+++ Dataset section +++
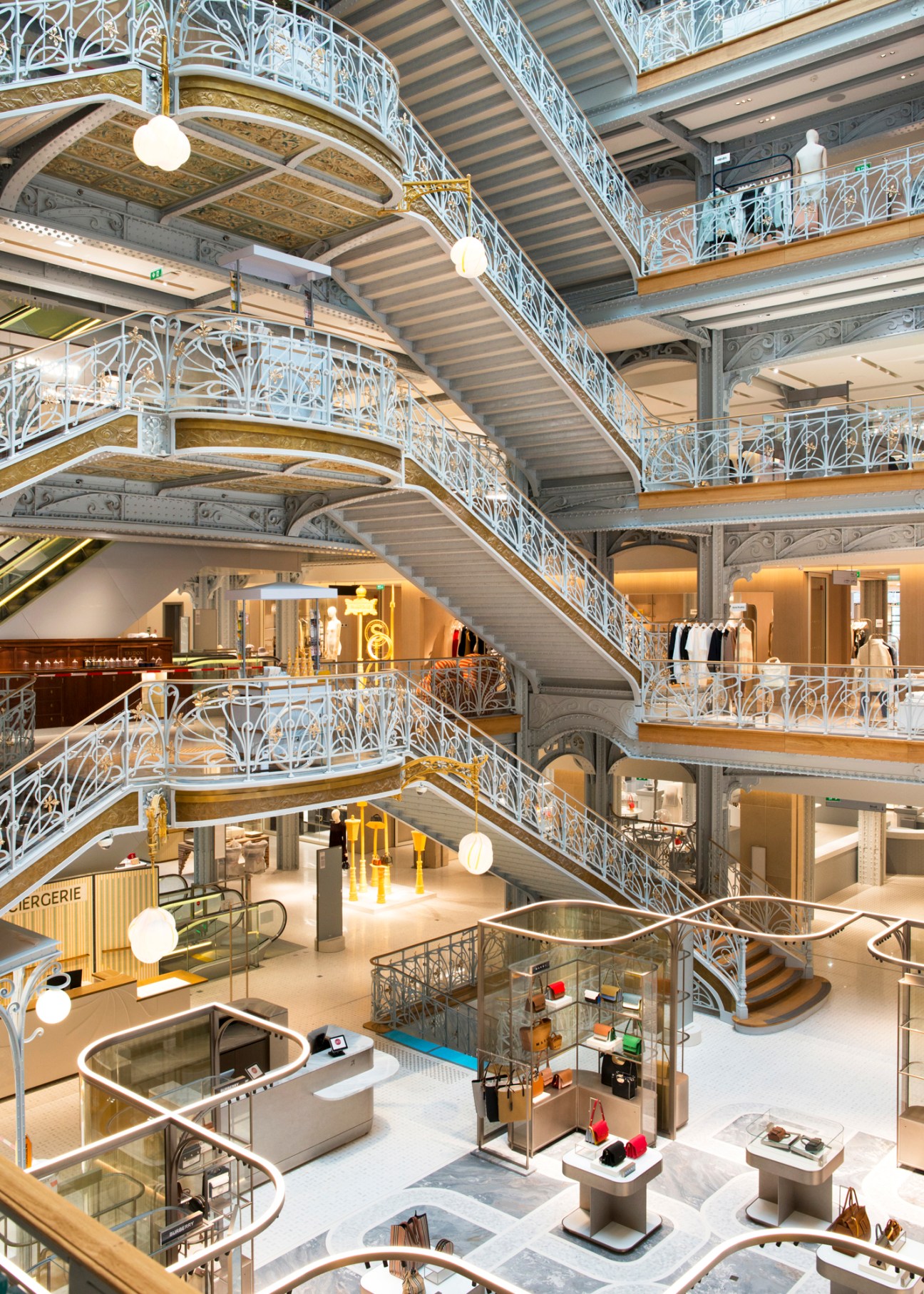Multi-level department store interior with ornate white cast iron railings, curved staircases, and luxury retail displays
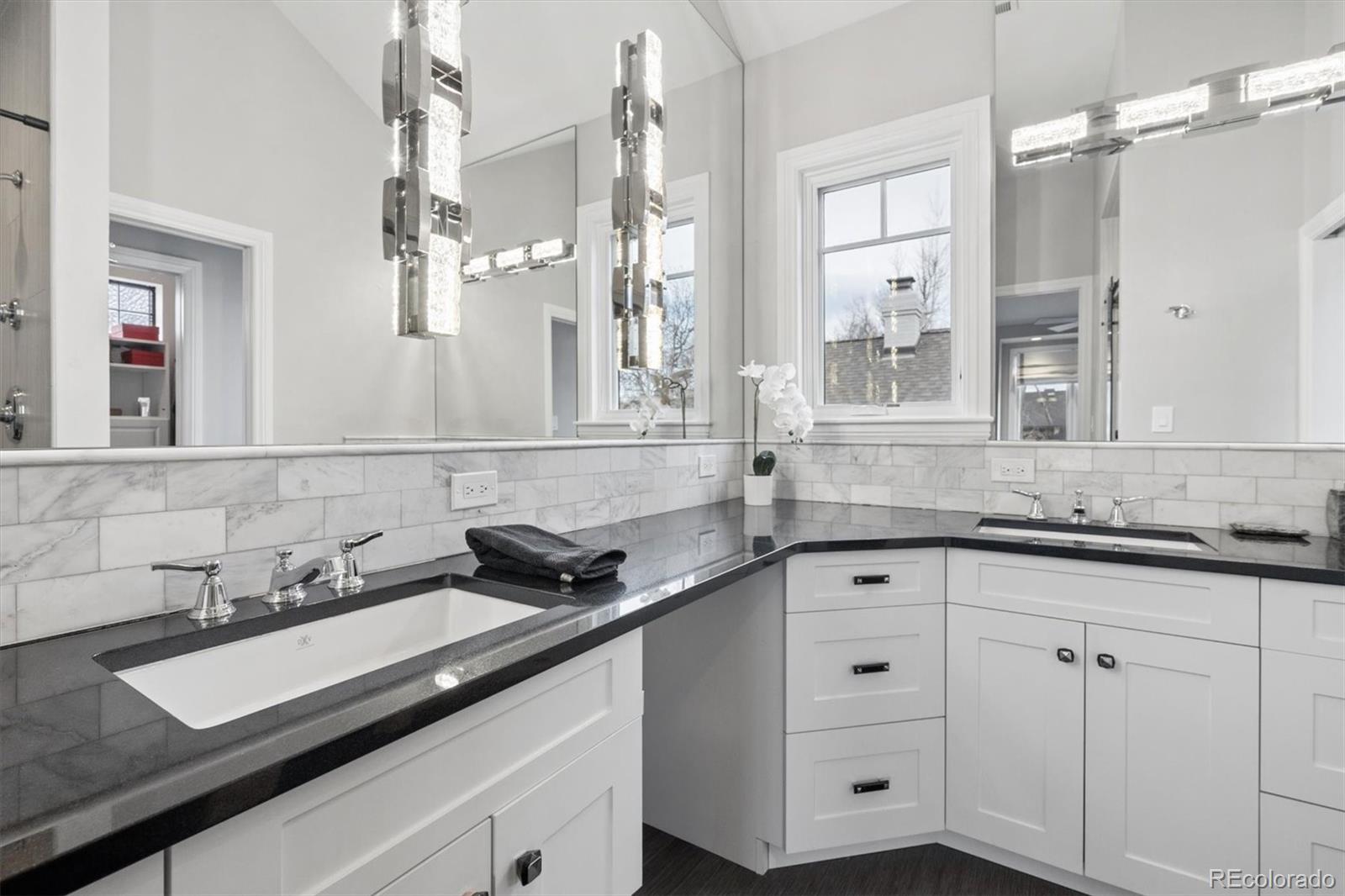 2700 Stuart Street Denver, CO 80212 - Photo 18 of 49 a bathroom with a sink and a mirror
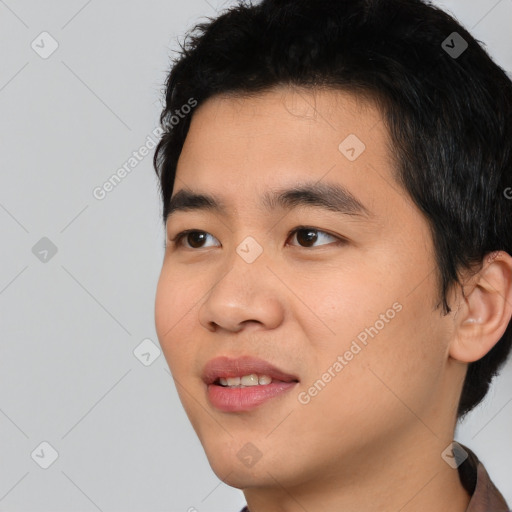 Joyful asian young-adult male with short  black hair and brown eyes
+++
*Activity:* Set down exactly the lines between the one with "2700 Stuart Street" and the last line of the material above, both included, but none of the pictures.

*Exercise solution:*
 2700 Stuart Street Denver, CO 80212 - Photo 18 of 49 a bathroom with a sink and a mirror
 Joyful asian young-adult male with short  black hair and brown eyes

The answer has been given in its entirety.